The Footer contains information about how the BPList is laid out, such as the offset location of Offset table and the size of the offset objects.
This image demonstrates how the Footer points to the Offset Table which contains Offset Items which in turn point to Marker items in the Data Area. The Offset Items start with a Marker which defines what type of data the value is and it's length and is immediately followed by the value itself.
To start decoding Binary PLists, we need to start at the very bottom of the file, specifically, the last 32 bytes which make up the Footer (Starting with the red block in the image below)
The Footer defines where in the file we can find the Marker and Offset Tables, how many objects they contain and the size of the objects.
The Footer breaks down as follows;
|Position / Length
|0 - 6 Bytes
|6 - 1 Byte
||Size of the items in the Offset Table
||0x02 = 2
|7 - 1 Byte
||Object reference size
||0x01 = 1
|8 - 8 Bytes
||Number of objects in the Offset Table
||0x82 = 130
|16 - 8 Bytes
||Top of the table
||0x00 = 0
|24 - 8 Bytes
||Offset Table start
||0x0B41 = 2881
Once we have worked out of the Footer, we can move on to the Offset Table.
The Offset Table is a list of pointers which defines the offset location of the Values within the Data area.
Using the information from the Footer, we know that;
- The Offset Table starts at offset 0x0B41 (Yellow)
- There are 130 items (Orange)
- The items are 2 bytes each (Purple).
- That 130 items * 2 Bytes = 260 Bytes
This image shows the entire 260 bytes of the offset table, divided into 130 sets of 2 bytes.
Each of the Offset Items contains an Offset Location within the data area of the file.
The very first item in the Offset Table is at position 0x0B41 and has the value 0x0008, so we would go to offset 0x0008 (relative to the start of the file) to find the value.
The second Offset Item has the value 0x0039 so we would go to offset 0x0039 to find the value.
The third Offset Item has the value 0x005C so we would go to offset 0x005C to find the value.
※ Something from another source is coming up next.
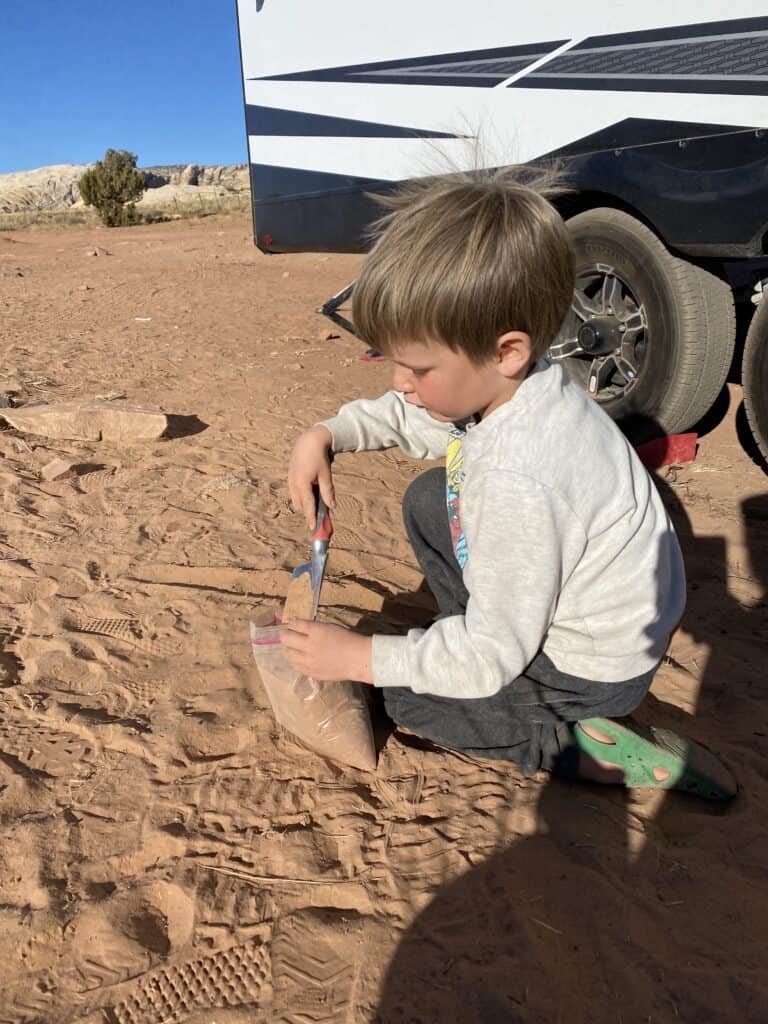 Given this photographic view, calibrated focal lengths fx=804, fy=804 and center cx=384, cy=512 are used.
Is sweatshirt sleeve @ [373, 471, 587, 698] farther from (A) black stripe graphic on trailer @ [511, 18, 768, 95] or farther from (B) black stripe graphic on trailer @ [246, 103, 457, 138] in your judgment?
(B) black stripe graphic on trailer @ [246, 103, 457, 138]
And so on.
Going back to the first item, we head offset 0x0008 to find out the marker for the first item.
In this case, the marker starts 0xDF.
But what does 0xDF mean? To work this out. we need to learn more about Data Types.
There are several different Data Types used by BPLists, each can be a different size or is handled differently. A dictionary needs to be handled totally different from a Date for example.
The marker byte will always identify the Data Type but not always the length. Sometimes, more bytes are required to work out the length.
To work out a Marker, we split the marker byte into two nibbles, so DF becomes D and F. This information lets us know how to interpret the item.
Nibble 1 is used to identify the type of data that the value is.
||Either NULL or Boolean.
Nibble 2 is usually used to identify the number of bytes required to form the value.
So for example, if Nibble 2 was 5, it would mean that the value was made up of the next 5 bytes. Obviously there is a limit to the number that can be displayed in a single nibble (15) so this is no good in cases where more than 15 bytes are needed for the value.
The work around for this is that if the number of bytes required is less than 15, the number is shown in the nibble, but if the number is 15 or higher. then nibble 2 is an F which means we need to take the next two bytes in order to work out the number of bytes required.
The following two bytes break down as follows:
|Byte 1 is broken into two nibbles and the first nibble discarded. The second nibble is a power of 2 operator.
||Byte 2 is taken as a decimal which is multiplied by the power.
For example; The two bytes may be 0x1017. We ignore the 1 and perform an exponentation power of 0 (or 2 exponent 0) get 1.
0x17 is read as decimal 23 which we then multiply by the power (1) to get 23. So we need the next 23 bytes.
However, there are some special cases;
If Nibble 1 is a 0 (NULL or Boolean) then nibble 2 is the data.
If Nibble 1 is a 3 (Date) the second nibble is irrelevant.
If Nibble 1 is an 8, the second nibble is the number of bytes minus 1 required for the value. ie. Add 1 to the second nibble to get the number of bytes required.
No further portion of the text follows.